Le chapitre 10 de Luc présente un curieux épisode.

Jésus envoie 72 disciples « deux par deux, dans toutes les villes et tous les villages où lui-même devait se rendre ».

Faisons un peu de mathématiques : 72 /2 = 36… la mission est universelle !

Or, après avoir donné une série de recommandations, on s’attend à ce que le texte nous relate cet envoi. Qu’ont fait les disciples ? Si nous le savions, nous pourrions copier… Or, le texte opère un surprenant raccourci : « Les disciples revinrent » !

Les 72 revinrent dans la joie, disant: « Seigneur, même les démons nous étaient soumis en ton nom »

On apprend plusieurs choses très intéressantes, dans cette petite phrase, pour qui veut nourrir une spiritualité missionnaire :

petite main avec le doigt pointé vers le texte qui suitLes disciples reviennent « dans la joie ». Le monde n’épuise pas les missionnaires.
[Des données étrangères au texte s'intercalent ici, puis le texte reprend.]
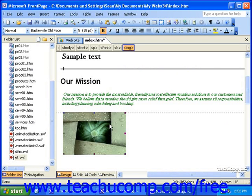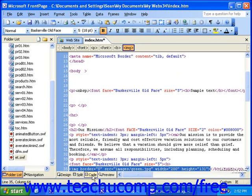To view this code, whether to make adjustments in it or learn how it works, you can click the HTML tab at the bottom of the work area in FrontPage 2000 and 2002, or the code button in FrontPage 2003.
Il les met parfois à mort mais c’est autre chose. On parlera alors du « don du martyre ». En attendant, le monde rend les missionnaires joyeux. Quand la mission nous épuise, c’est qu’il y a un problème de posture. Nous nous tenons sur nos propres forces au lieu de nous appuyer sur l’élan missionnaire qui vient du Christ !

A leur retour, les 72 ne racontent pas ce qu’ils ont fait mais ce qu’ils ont vu. L’activité missionnaire ne relève pas du « faire » mais du « voir ». C’est une question de contemplation !

« Le monde n’épuise pas les missionnaires.
Le monde rend les missionnaires joyeux ! »

De toutes façons, nous savons bien ce qu’ils on fait : ils ont imité leur maître Jésus. « Les sourds entendent, les aveugles voient, les lépreux sont purifiés, les boiteux marchent, les morts ressuscitent et la Bonne nouvelle est annoncée aux pauvres » a-t-il fait dire aux envoyés de Jean-Baptiste. Tel est son programme et il y a fort à parier que ses disciples ont fait de même.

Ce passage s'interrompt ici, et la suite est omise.